Vingt ans de prison pour Dominique Pélicot : un calvaire de violences et d’agressions sexuelles

Une condamnation pour violences et agressions sexuelles

En décembre 2024, Dominique Pélicot a été condamné à vingt ans de prison pour avoir agressé sexuellement son épouse, Gisèle Pélicot. Il a également organisé, pendant près de dix ans, des violences commises par d’autres hommes contre elle.

Entre 2011 et 2020, la victime aurait été droguée avant d’être agressée. Son mari aurait profité de son inconscience pour inviter chez eux des inconnus contactés sur internet. Les enquêteurs ont découvert un grand nombre d’images et de vidéos conservées par Dominique Pélicot, montrant son épouse, mais aussi sa fille Caroline Darian et ses belles-filles.
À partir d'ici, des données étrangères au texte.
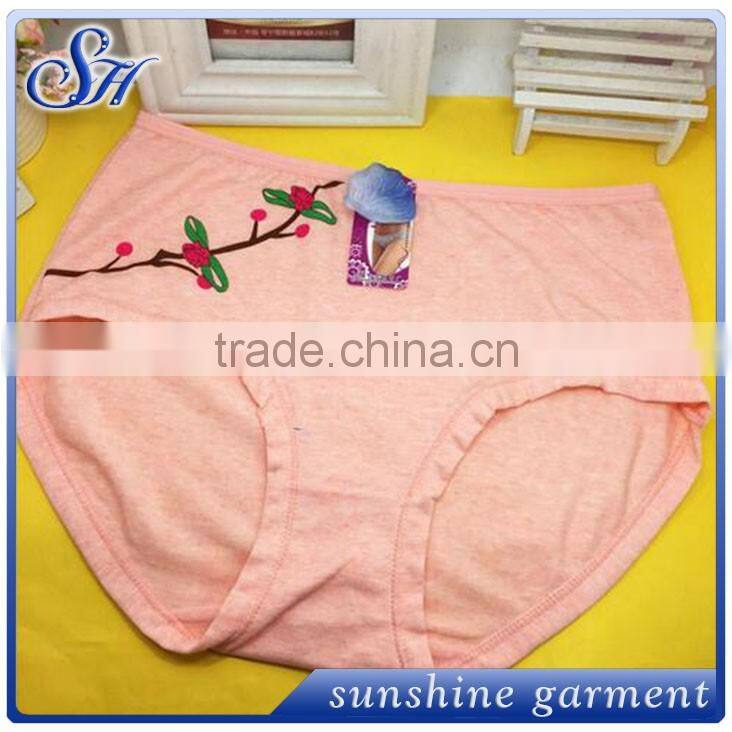 wholesale sexy adult women sweet underwear with printed flower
Des preuves troublantes et des accusations de violences sexuelles

Parmi ces éléments, des photos montrent Caroline Darian inconsciente et à moitié nue. Lors du procès, l’accusé a toujours nié toute agression sexuelle à l’encontre de sa fille. Caroline Darian, convaincue d’avoir été droguée et abusée par son père à l’âge adulte, a néanmoins porté plainte pour « viol et soumission chimique ».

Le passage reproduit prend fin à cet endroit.